Tout d'abord, le communiqué, en lui-même, utilise des termes "assez inhabituels", comme l'a souligné la journaliste Isabelle Rivère sur LCI. Auteure du podcast "Elizabeth II, le règne et l'intime", elle souligne que le scénario qui se déroule actuellement "rappelle un peu celui de la Reine Victoria, qui s'était éteinte doucement, entourée des membres de sa famille".
Et pour cause, les éléments alarmants se succèdent depuis 13h40. Tout a commencé à peine quelques minutes après l'annonce sur l'état de santé du monarque. Alors en plein débat au Parlement britannique, la Première ministre Liz Truss a discrètement quitté la salle après avoir été informée par un ministre. Et tandis que la Chambre des Communes débattait du plan gouvernemental sur les prix de l'énergie, le président de la Chambre, Lindsay Hoyle, a interrompu les discussions pour souhaiter ses "meilleurs vœux" à la Reine, et préciser qu'il informerait les députés de toute nouvelle information. Or, d'après le Guardian, "la Chambre des Communes n'avait jamais été interrompue pour prendre des nouvelles de la santé de la Reine de cette manière". Ce fut le tout premier signal indiquant que quelque chose n'allait pas du tout.
Depuis, les alertes n'ont cessé de se multiplier. À commencer par la réaction de la BBC. Non seulement la télévision publique britannique a interrompu ses programmes pour donner des nouvelles d'Elizabeth II, mais le présentateur a pris l'antenne vêtu d'un costume et d'une cravate noire. Une tenue qui fait partie du protocole de la chaine pour la mort d'un monarque britannique.

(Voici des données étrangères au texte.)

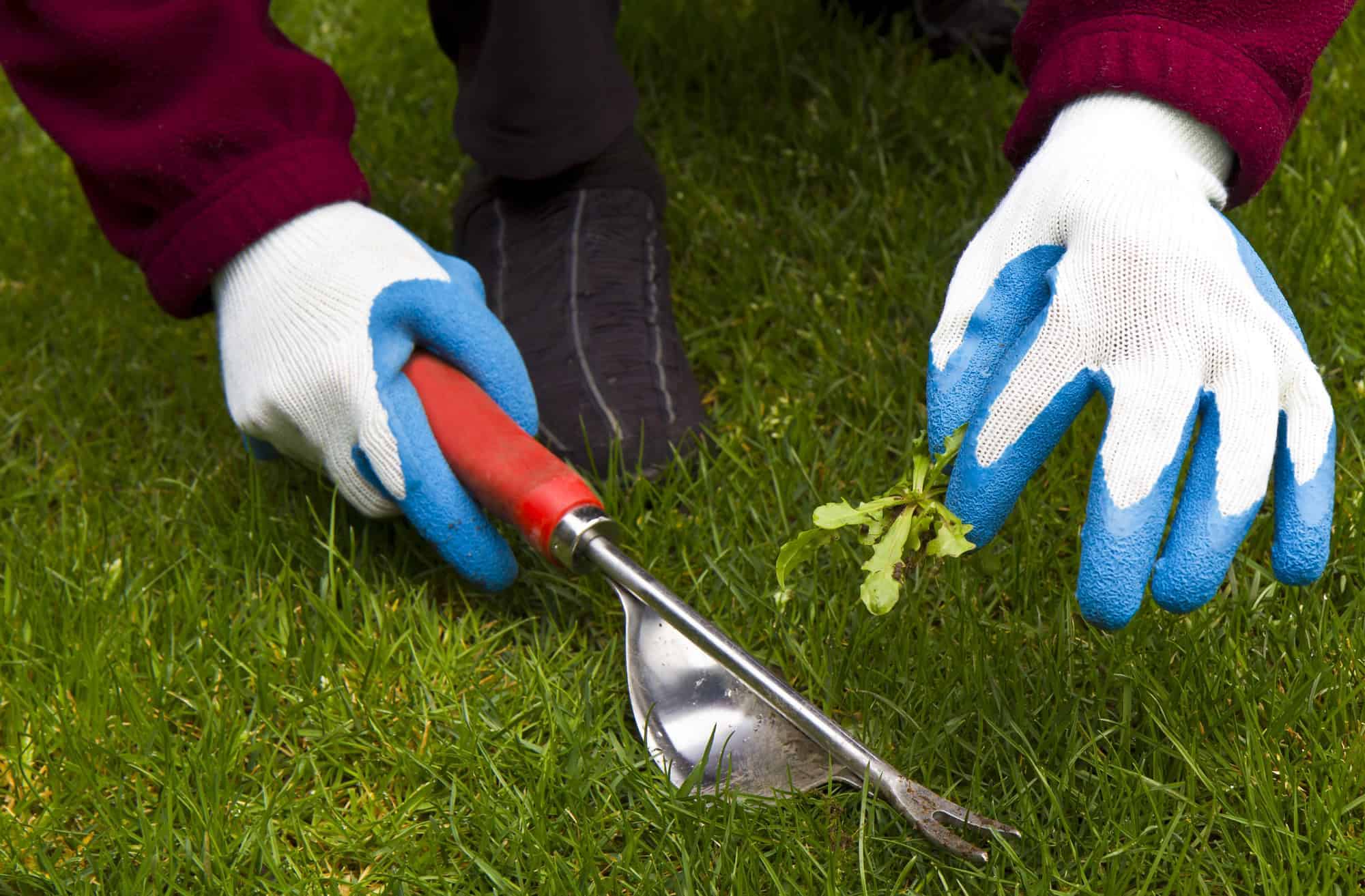 Hand weeding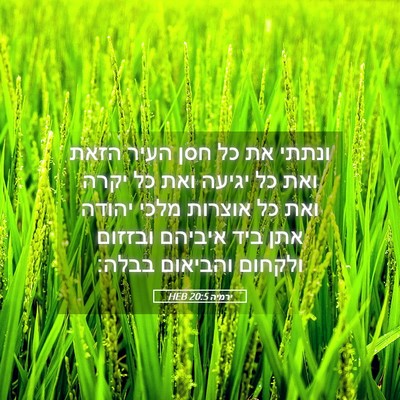 Picture 05 - ירמיה 20:5 HEB - ונתתי את כל חסן העיר הזאת - Bible Verse Picture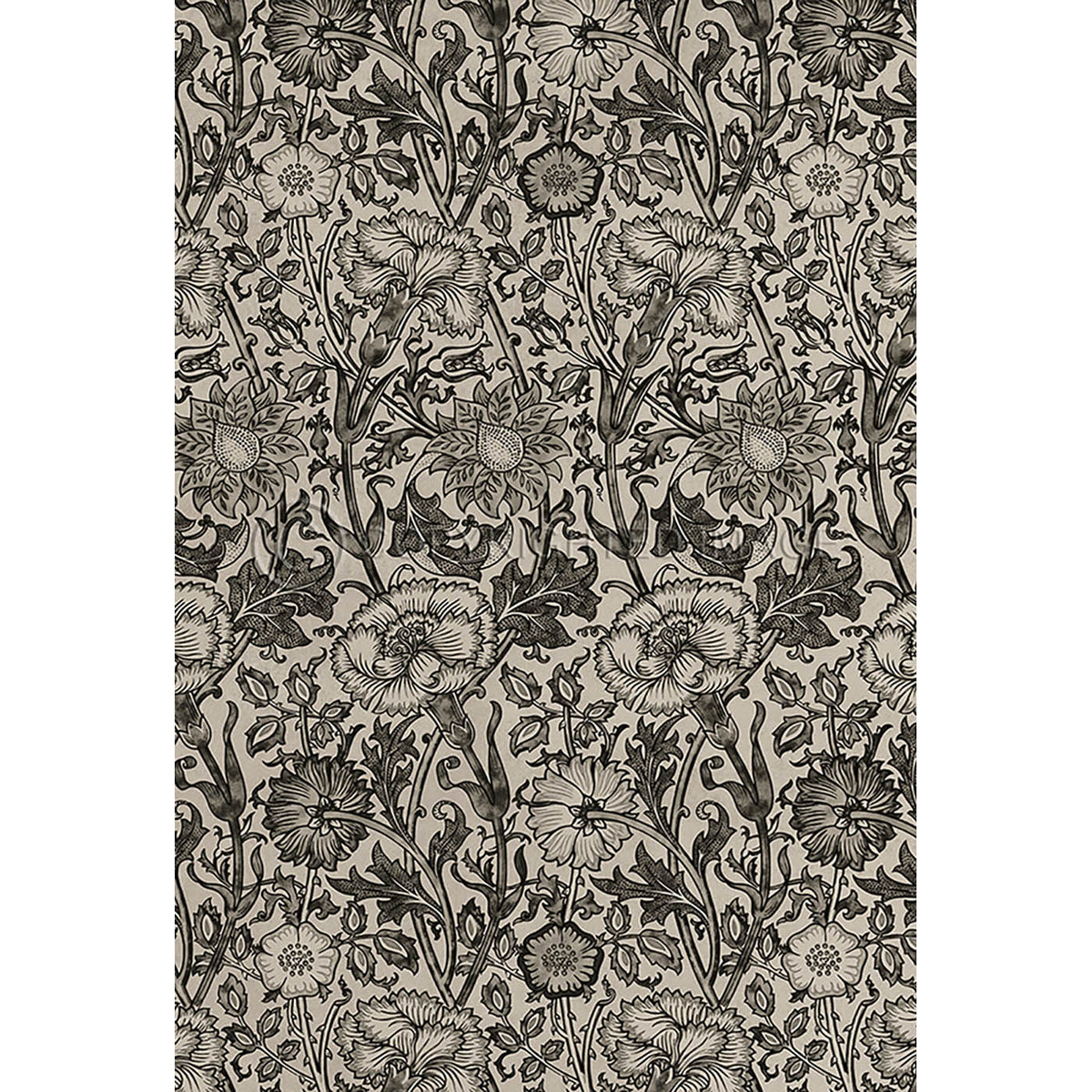 Pink and Rose Black and Dove 38x56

Au palais de Buckingham à Londres, un panneau a été sorti pour informer les touristes que la relève de la garde n'aurait pas lieu.
Enfin, dernier élément préoccupant, les quatre enfants de la reine se sont tous rendus au chevet de leur mère, au château de Balmoral. Même son petit-fils Harry et son épouse Meghan Markle ont pris la direction de l'Écosse. Le signe d'une "situation critique", d'après l'analyse de Chris Ship, journaliste anglais spécialiste de la famille royale. À l'heure actuelle, comme l'a résumé Isabelle Rivière, "tous les signes sont là pour penser que la reine Elizabeth II vit peut-être ses dernières heures".